28. In support of her argument Ms Vu, for the applicant, relied upon the language of s72 and s74. She submitted that s72 should be read in conjunction with s74 so as to require that notices under s68 of the Act must be clear and unambiguous. The SSAT also had regard to these provisions of the Act. However, these sections relate only to notices under the relevant subdivision, being Subdivision B – Requirement to give information about change of circumstances etc. of Division 6 of the Act. Section 109 is contained in Subdivision B – Determination under s78 or s85 of Division 9 of the Act and is clearly not contained within the same subdivision as s72 and s74. Sections 72 and 74 are concerned with the statutory requirements of s68 notices, being notices requiring a benefit recipient to inform Centrelink of the likelihood or occurrence of a specified event or change in circumstances, or to give Centrelink a statement about a matter that might affect a person’s payment. While the portion of the letters which concerned the obligations to provide information to Centrelink was issued pursuant to s68, I find that s72 and s74 are not relevant to a consideration of notice under s109 of the Act.

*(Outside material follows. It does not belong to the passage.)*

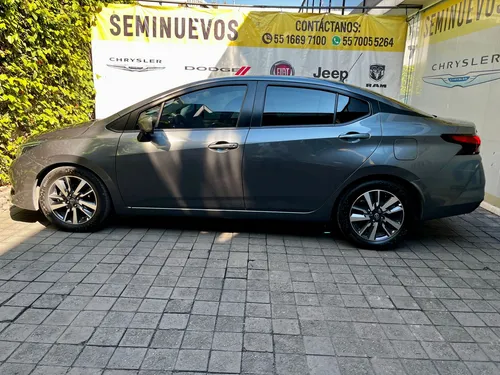 Nissan Versa 1.6 Advance At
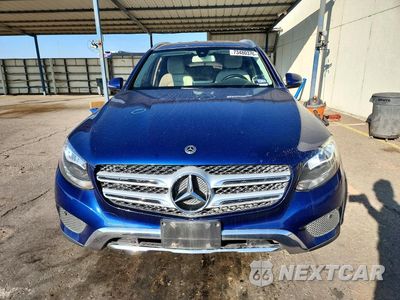 Piąte zdjęcie samochodu w środku: 2018 MERCEDES-BENZ GLC 300 VIN:WDC0G4JB9JV014044 - miniatura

29.     I was referred to a number of cases in the course of submissions.  The applicant relied on the decision in Re Wills and Secretary, Department of Social Security (1998) 54 ALD 271. That case concerned a decision by Centrelink that Mrs Wills was no longer a homeowner for the purposes of her pension. This decision led to an increase in her assessable assets but that would not have reduced Mrs Wills’ pension had she also been correctly coded as a non-homeowner on the Centrelink computerised decision making program. Because she was not correctly recorded as a non-homeowner she suffered a reduction in her pension for over a year. After her death, her son challenged the decision and was successful in the Administrative Appeals Tribunal on the basis that the underpayment of pension was caused entirely by an administrative error on the part of Centrelink and that the letters sent to Mrs Wills did not accord with the actual decision (to record Mrs Wills as a non-homeowner) and in fact reflected Centrelink’s error. The Tribunal found that the letters did not amount to notice of the relevant decision.

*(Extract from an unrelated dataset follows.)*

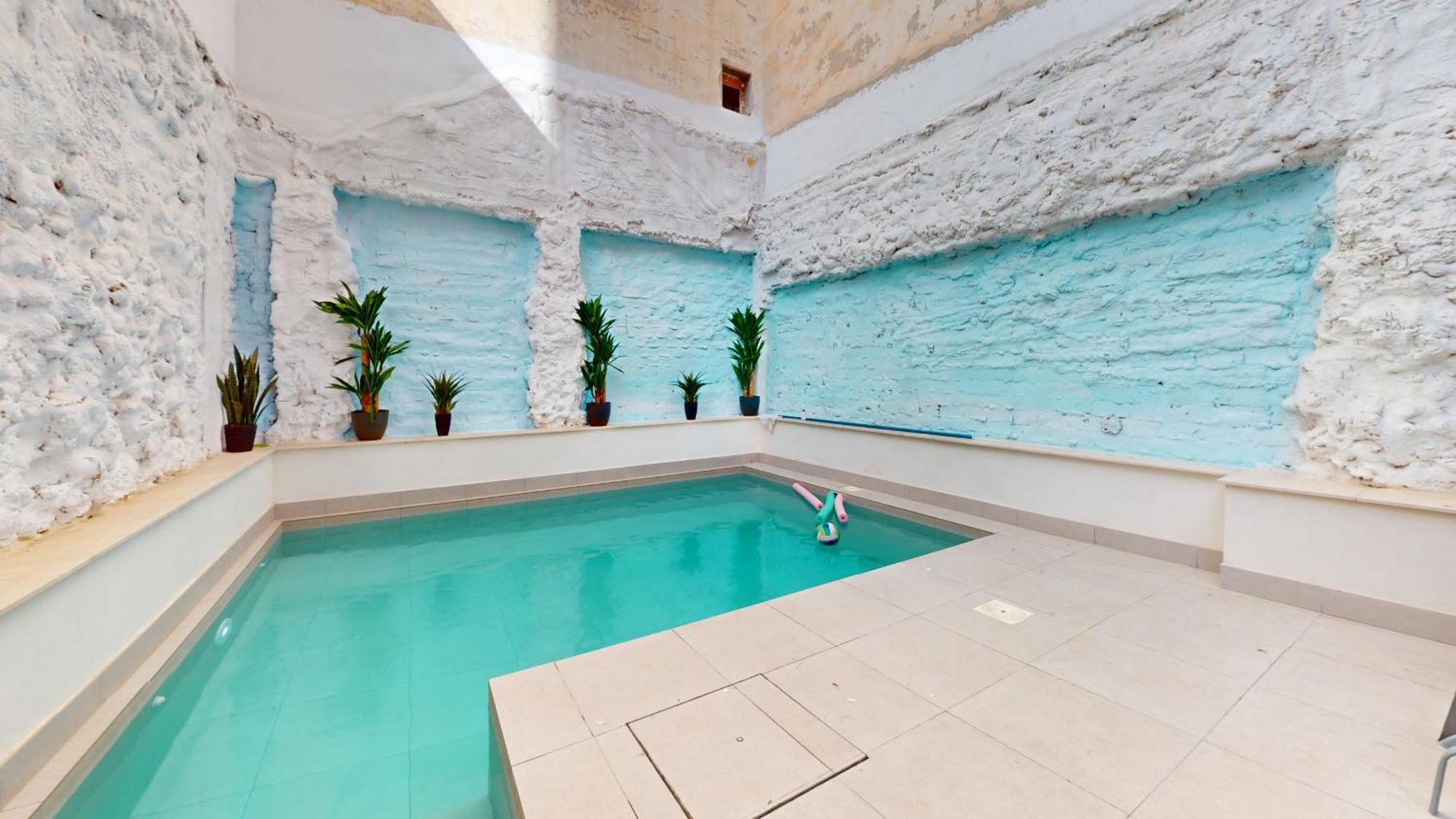 Alicante Colorful Penthouse Center 5C Apartment Exterior photo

30.     In coming to that conclusion in Wills (supra), the Tribunal distinguished the case of Re Secretary, Department of Social Security and Sting (1995) 39 ALD 721 on the basis that Sting involved a notice that reflected the decision that had actually been made by the department (at 276).  In the present matter, the respondent argued that the facts in Wills can be distinguished from those of Mr and Mrs Peura as Wills concerned departmental administrative error and that is not an issue in the present matter.  I concur with the respondent's analysis and agree that the present case does not involve an error on the face of the letters.

31.     However, a different result was reached in Austin v Secretary, Department of Family and Community Services (1999) 92 FCR 138. In this case Drummond J examined the requirements of "notice" in circumstances where Centrelink incorrectly recorded the rental income received by Mr Austin leading to a reduction in his newstart pension. The applicant submitted that the letters dated 6 September 2001 and 10 December 2001 from the respondent in the present matter are similar to the fortnightly forms in Austin in that they do not convey information about the method of calculation of the rate nor do they specifically indicate how the combined annual income was calculated.  The applicant submitted that Austin stands for the principle that a mere statement of an amount of payment is insufficient notification of the decision to reduce the payment. The respondent contended that the type of information that the applicant seeks to have included in the letters would amount to reasons for the decision and Drummond J expressly excluded that requirement (at 148). Furthermore, the respondent submitted that some letters in Austin were found to constitute sufficient notice and that it was only the fortnightly forms that Mr Austin regularly completed that failed to amount to notice.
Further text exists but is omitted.